BRIEF:
Below are the records; print them again exactly and omit the pictures.

LISTED ENTRIES:
************

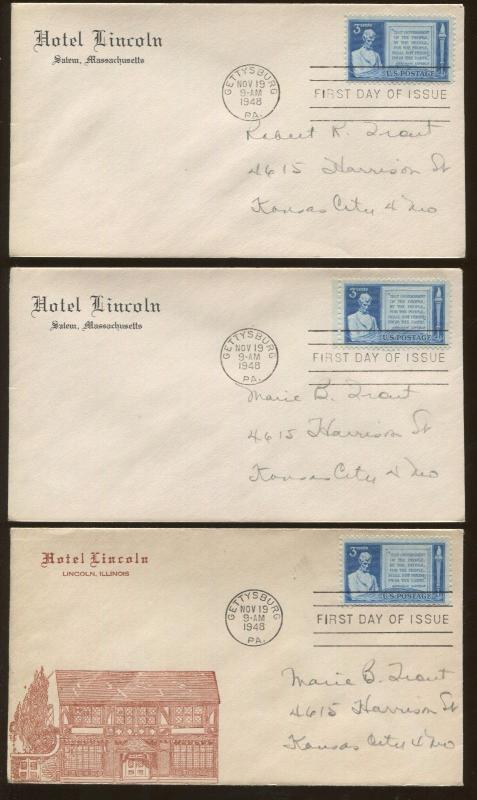 Lot of 9 The Lincoln Hotel 1948 Gettysburg First Day of Issue Covers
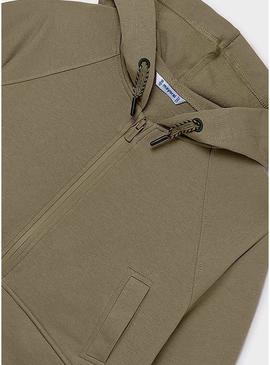 Moletom com zíper verde Mayoral para menina.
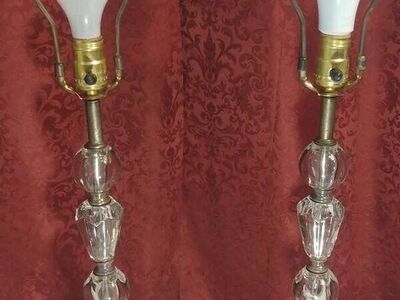 Vintage Leviton MCM Brass And Glass Set Of 2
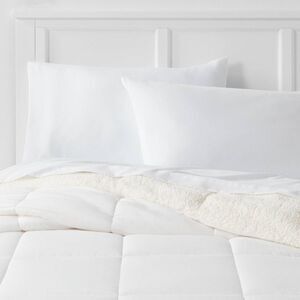 Room Essentials - Twin/Twin Extra Long Faux Shearling Washed Microfi White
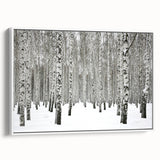 Framed wall art featuring a botanical forest design with vibrant flowers and trees, displayed from a side angle against a white background. Perfect for nature-inspired decor.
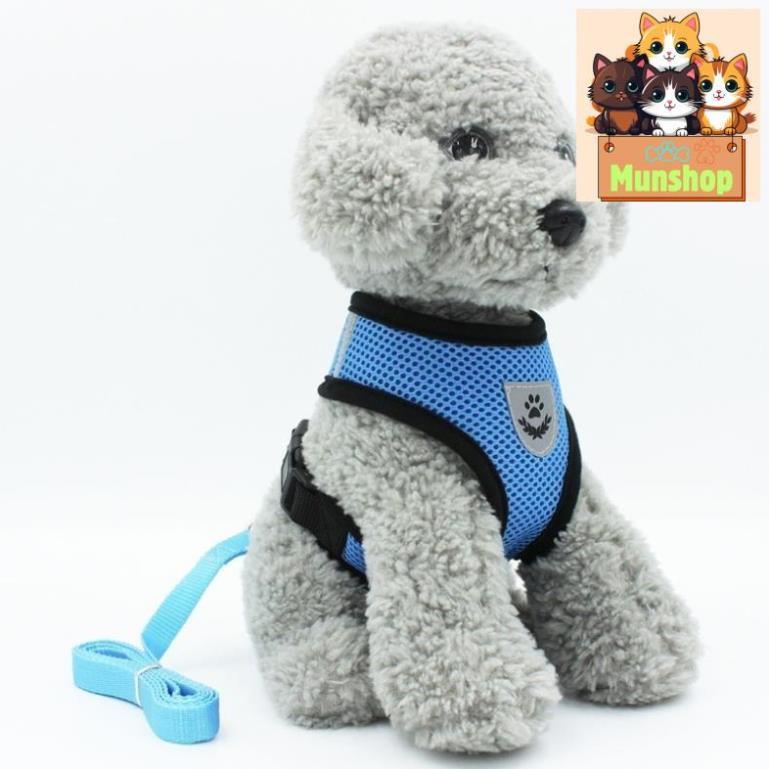 Dây dắt lưng ngực lưới cho chó mèo xinh-đai yếm lưới chó mèo Munshop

************

TASK RESPONSE:
 Lot of 9 The Lincoln Hotel 1948 Gettysburg First Day of Issue Covers
 Moletom com zíper verde Mayoral para menina.
 Vintage Leviton MCM Brass And Glass Set Of 2
 Room Essentials - Twin/Twin Extra Long Faux Shearling Washed Microfi White
 Framed wall art featuring a botanical forest design with vibrant flowers and trees, displayed from a side angle against a white background. Perfect for nature-inspired decor.
 Dây dắt lưng ngực lưới cho chó mèo xinh-đai yếm lưới chó mèo Munshop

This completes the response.